PROBLEM TO WORK ON: Set every entry down again exactly, excluding any pictures.

Records from a data source
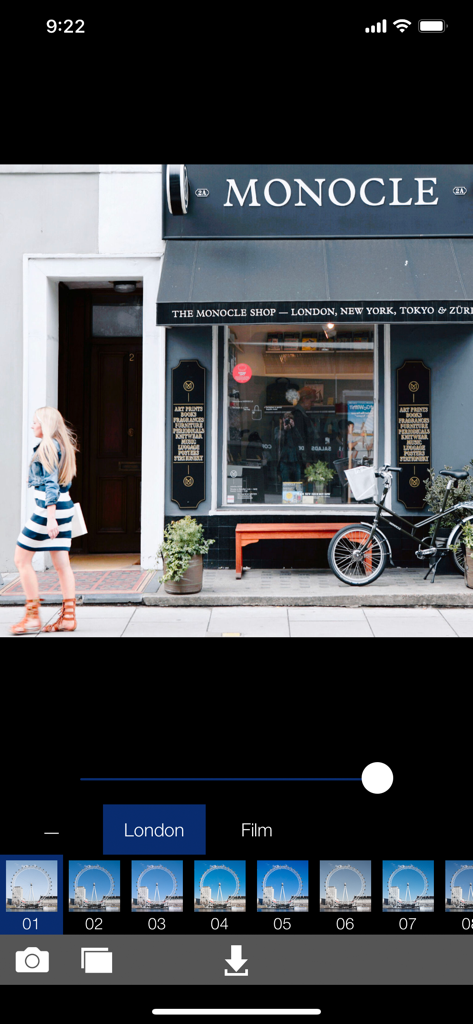 Interfaccia dell'app Analog London che mostra una foto di una scena di strada con il negozio Monocle e preset di filtri a pellicola selezionabili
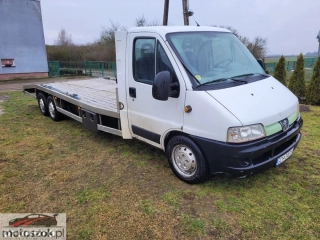 Peugeot Boxer auto laweta 3 osie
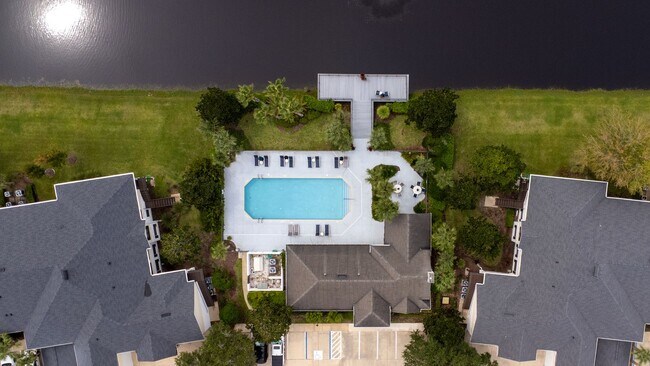 Building Photo - Belle Haven 2-Bedroom Condo with Pond View...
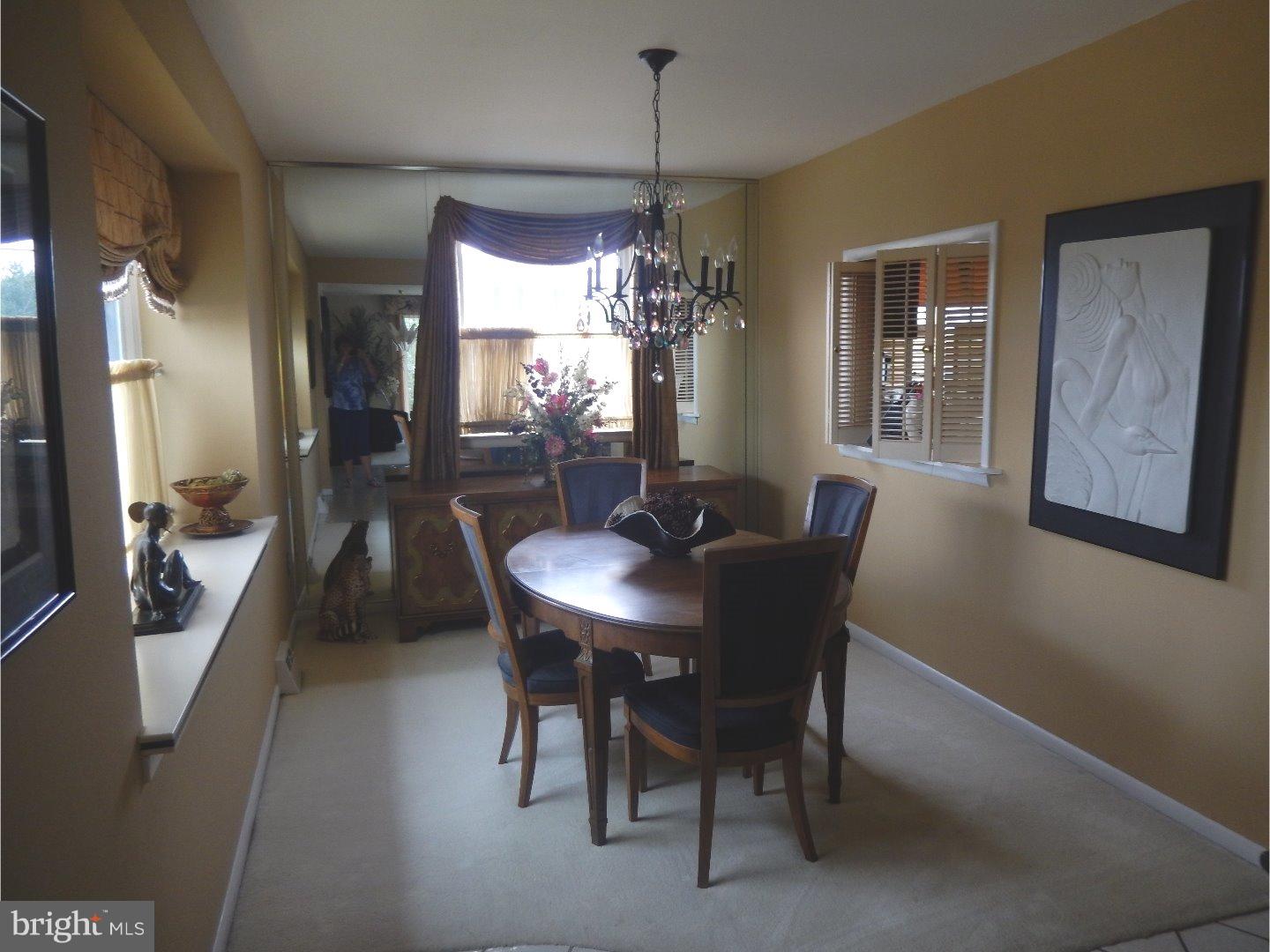 1119 Morefield Road Philadelphia, PA 19115 - Photo 8 of 22 Dining Room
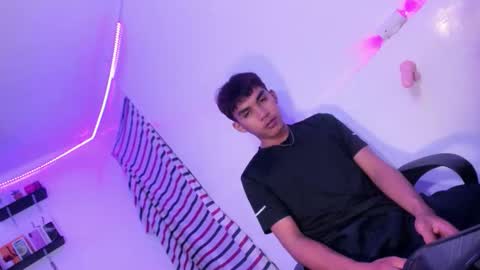 ur_shan21 online show from 18, 5, 2026
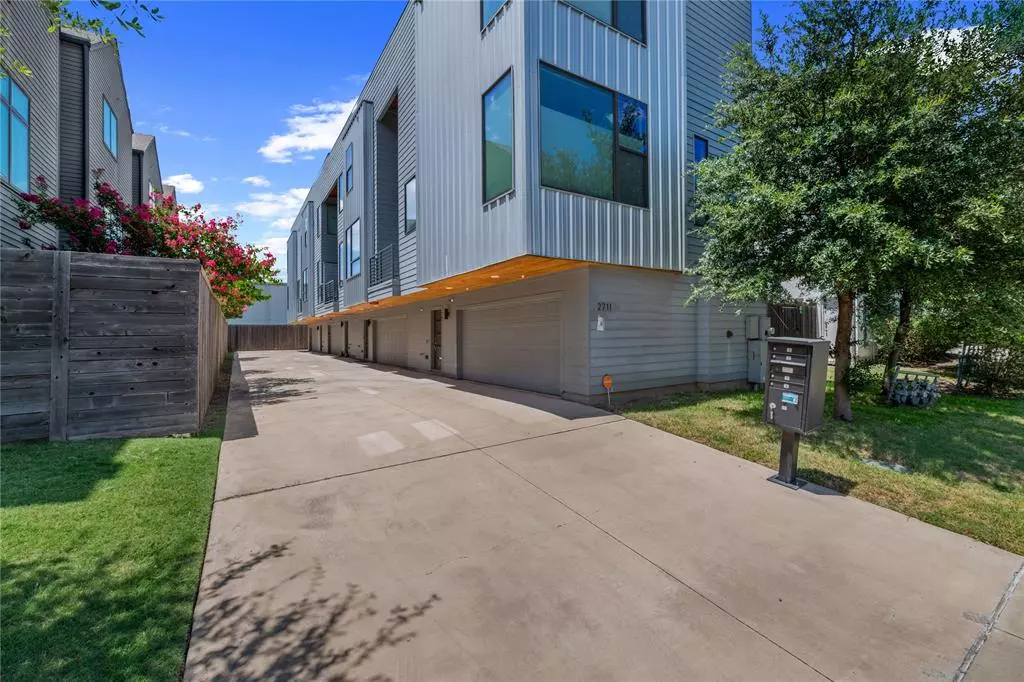 Dallas, TX 75235,2711 Kimsey Drive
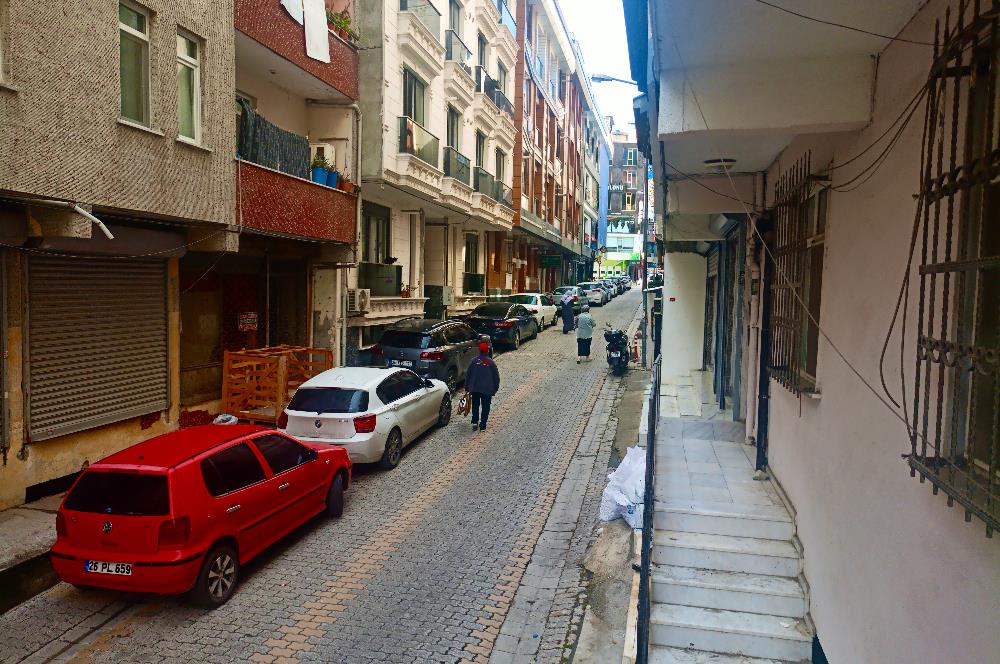 Sefaköy'de Bağımsız  Yüksek Girişli Eşyalı Kiralık 2+1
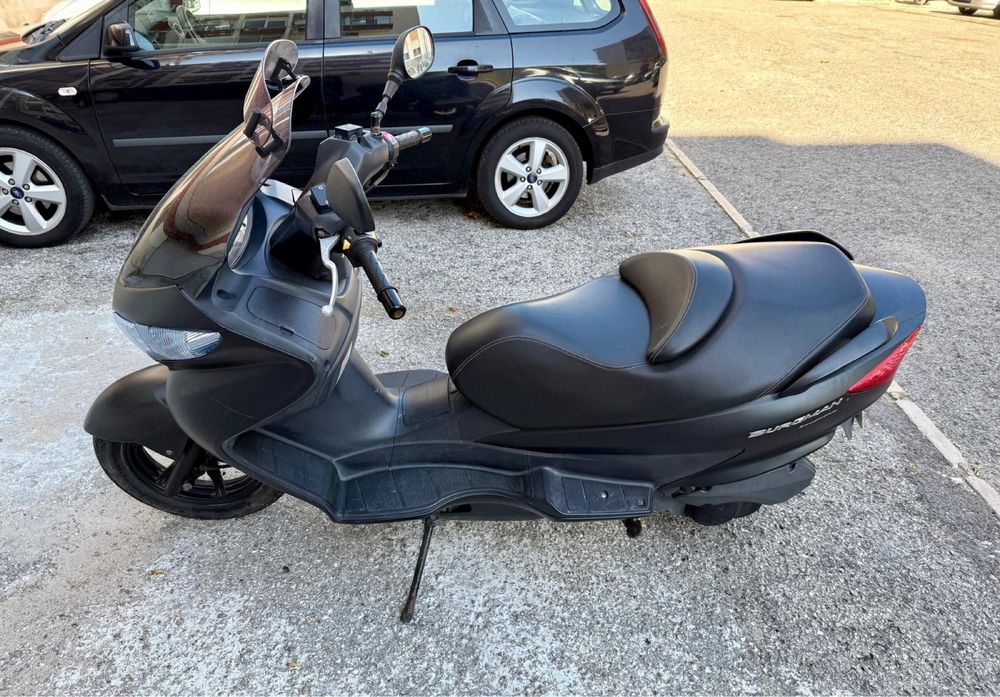 Suzuki Burgman Executive 125cm3
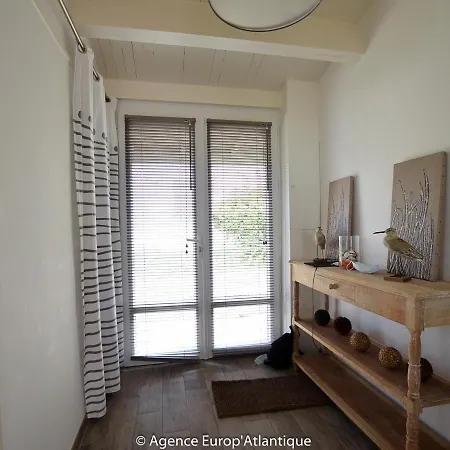 Hébergement de vacances Villa 4 pièces - 6 pers - Proche mer, Animaux admis, Parking - FR-1-705-16 La Palmyre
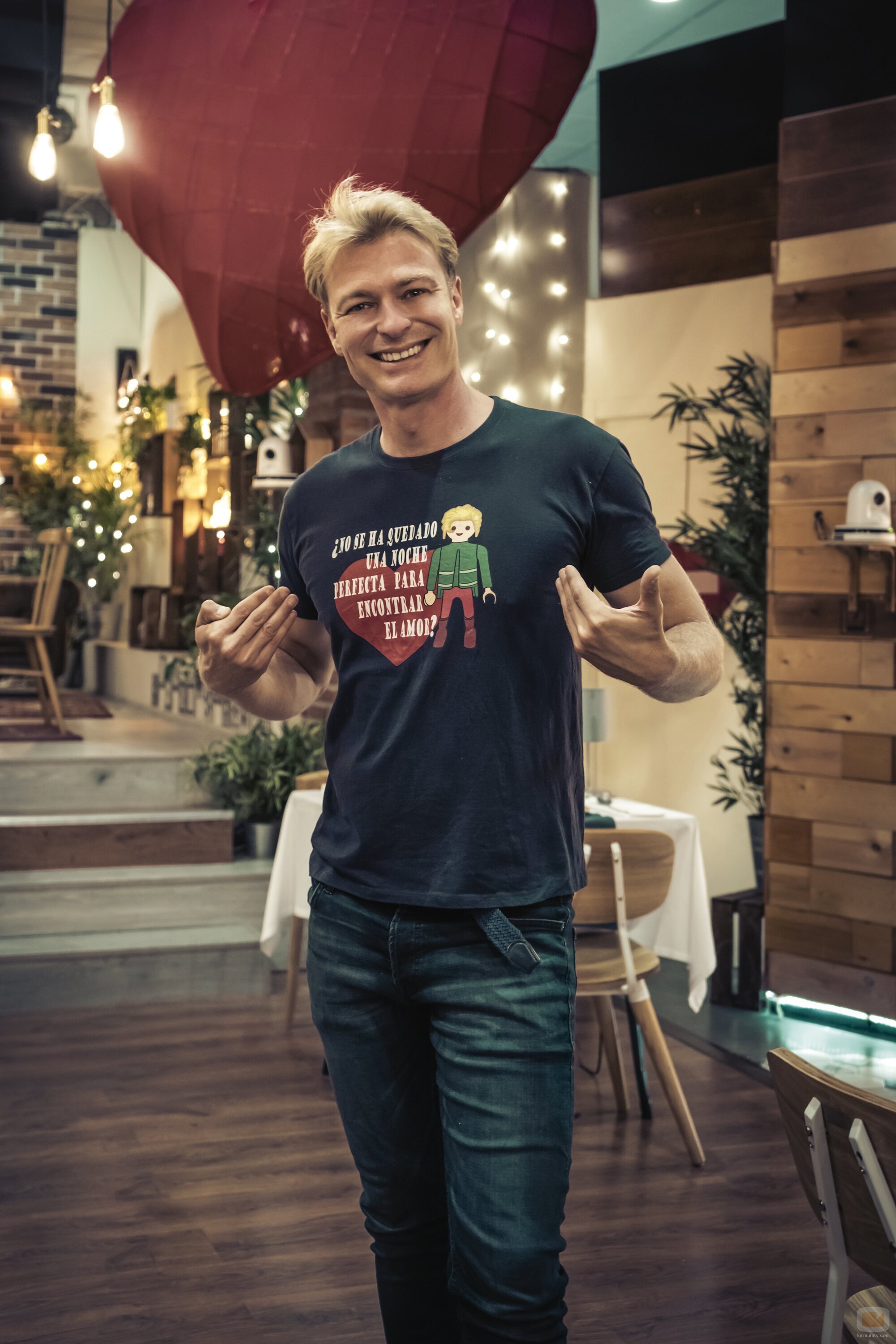 Richard Pena en el plató de 'First Dates'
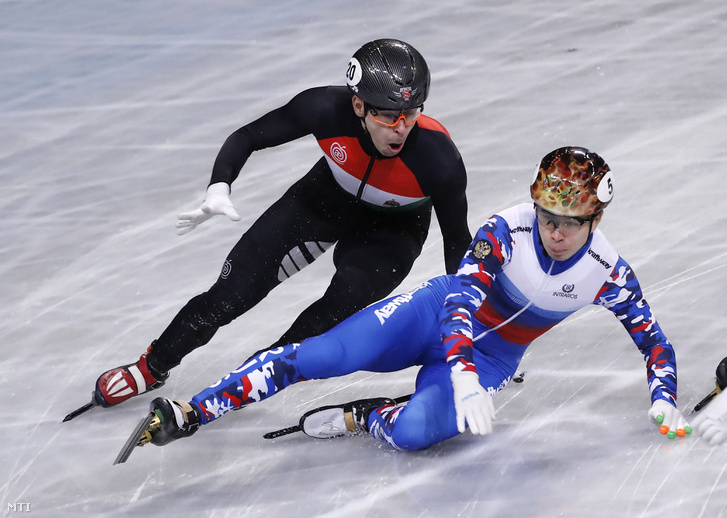 Burján Csaba (b) és az orosz Szemen Jelisztratov a szófiai rövidpályás gyorskorcsolya világbajnokság férfi 1000 méteres középdöntőjében 2019. március 10-én.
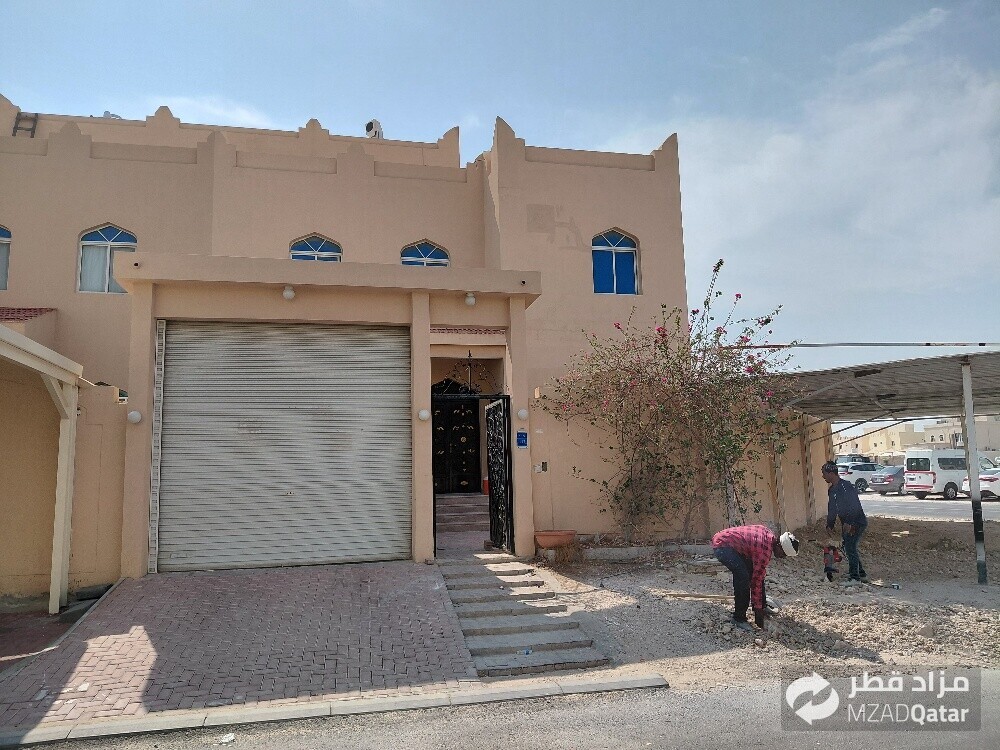 للإيجار فيلا عين خالد اسكان - 1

TASK ANSWER:
 Interfaccia dell'app Analog London che mostra una foto di una scena di strada con il negozio Monocle e preset di filtri a pellicola selezionabili
 Peugeot Boxer auto laweta 3 osie
 Building Photo - Belle Haven 2-Bedroom Condo with Pond View...
 1119 Morefield Road Philadelphia, PA 19115 - Photo 8 of 22 Dining Room
 ur_shan21 online show from 18, 5, 2026
 Dallas, TX 75235,2711 Kimsey Drive
 Sefaköy'de Bağımsız  Yüksek Girişli Eşyalı Kiralık 2+1
 Suzuki Burgman Executive 125cm3
 Hébergement de vacances Villa 4 pièces - 6 pers - Proche mer, Animaux admis, Parking - FR-1-705-16 La Palmyre
 Richard Pena en el plató de 'First Dates'
 Burján Csaba (b) és az orosz Szemen Jelisztratov a szófiai rövidpályás gyorskorcsolya világbajnokság férfi 1000 méteres középdöntőjében 2019. március 10-én.
 للإيجار فيلا عين خالد اسكان - 1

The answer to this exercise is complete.